I’ve read three of McDowell’s books prior to this one: “Beatrix Potter’s Gardening Life” (2013), “All the Presidents’ Gardens” (2016) and “Emily Dickinson’s Gardening Life” (2019), so I knew I would enjoy her most recent contribution to garden literature. I have not been disappointed. My “To Read” list has grown as fast as those diabolical weeds in my garden, and now I’m actually looking forward to triple-digit temperatures this summer when I can justify spending all day on the couch immersed in a garden mystery.
Who knew there were so many to choose from?
Agatha Christie, for example, introduced the world to Miss Jane Marple in 1930 when she published “Murder at the Vicarage.” Miss Marple, an avid knitter and gardener, turns into a top-rate amateur sleuth over the course of twelve novels and twenty short stories. (Christie finally retired her in 1971). Many of the stories feature the outspoken Miss Marple offering solicited and unsolicited horticultural advice, a habit that might have been drawn from Christie herself, who was known to garden at her vacation home, called Greenway House, in Devon.
According to McDowell’s garden mystery book list, Christie wrote garden-related plotlines for nineteen of her books, including her first novel, “The Murderous Affair at Styles,” which was written on a dare from her sister and published in 1920.
But Agatha Christie was not the first crime writer to endow a protagonist with green thumbs (or green fingers, as McDowell tells us is the proper term in the UK). That distinction goes to Wilkie Collins, a friend of Charles Dickens, who published “The Moonstone” in 1868. Collins’ hero is Sgt. Cuff, an inspector at what’s now known as Scotland Yard. Sgt. Cuff is longing for the day when he can retire from catching criminals and devote all his time to his true love — roses.
McDowell weaves in garden history throughout the book, in this case by pointing out that Sgt. Cuff’s passion for roses reflected a high level of enthusiasm for hybridizing roses during the 19th century when plant breeders began crossing the China rose, Rosa chinensis, with other varieties.
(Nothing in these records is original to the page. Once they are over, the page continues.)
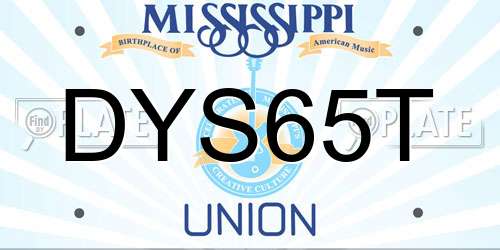 DYS65T Mississippi License Plate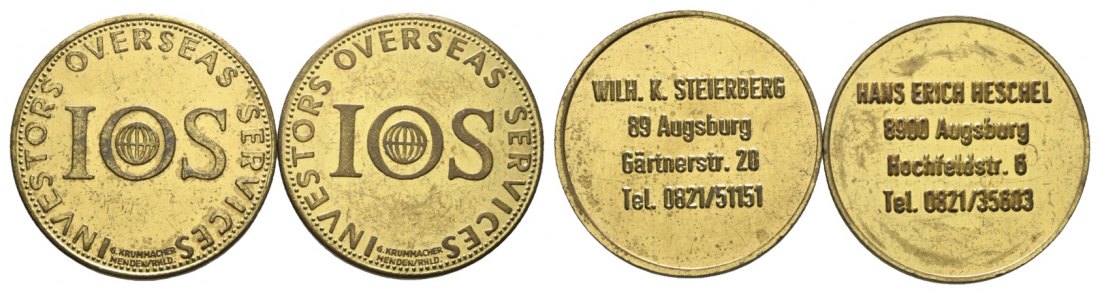  Bayern; Augsburg; Steigenberg / Heschel; IOS; Menzel - (2 Marken)   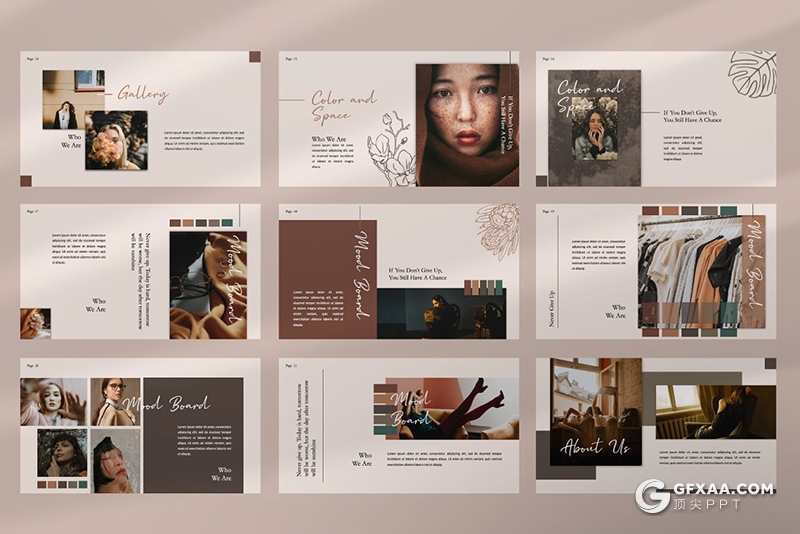 50页复古简约风格摄影图片模特写真服装展示Google slides模板 - 顶尖PPT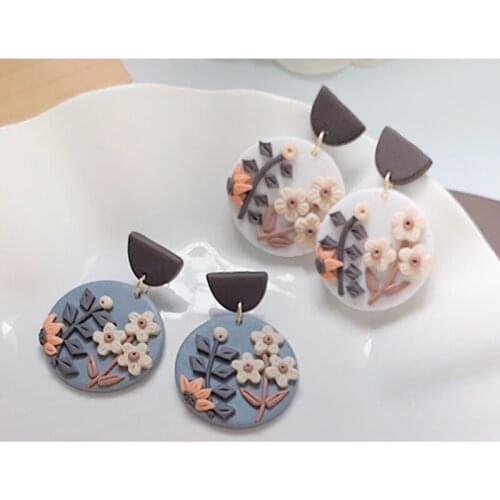 Summer Soft Pottery Flower Earrings for Women Geometric Colorful Ear Studs for Teens Girls Dating Jewelry 2021 Trend Friends M4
She writes, “By the reign of Victoria [1837-1901], a rose garden was a must, whether you were one of the landed gentry…or stood solidly with Sgt. Cuff in the echelons of the respectable working class.”
Besides Wilkie Collins’ Sgt. Cuff and Agatha Christie’s Miss Marple, McDowell’s discussion of garden mystery writers and their protagonists encompasses British and American authors who published from 1870 (Charles Dickens’ “The Mystery of Edwin Drood”) to 2022 (Kate Khavari’s debut novel “A Botanist’s Guide to Parties and Poisons.”
Four of Arthur Conan Doyle’s books (published between 1887 and 1917) are included on McDowell’s book list, as well as four books by contemporary garden mystery writer Susan Wittig Albert, author of the China Bayles series (1992-2024) and the Darling Dahlias series (2010-2022). Along with Albert, fifteen of the listed authors have produced garden mystery series, from Rex Stouts’ Detective Nero Wolfe series (1934-1975) to Rosemary Harris’ Dirty Business mystery series (2008-2014).
Another contemporary garden mystery writer who is now on my “To Read” list is Ovidia Yu, considered to be Singapore’s first feminist author. Her garden mystery series (2017-2025) is set in Singapore and features different native trees, such as frangipani, betel nut, mimosa and angsana. Yu’s protagonist is Chen Sue Lin, a 16-year-old Chinese orphan who develops her detective skills during the Japanese occupation of Singapore from 1942 to 1945.
Why do writers write about gardens? McDowell explains it this way: “Writers write what they know, and there are many writer-gardeners. In their gardens, they research, they discover setting, motive, means, and clues…The skill of the author transforms the horticultural into the mysterious.”
Who among us gardener-readers can resist a horticultural mystery that is actually solved at the end of the day?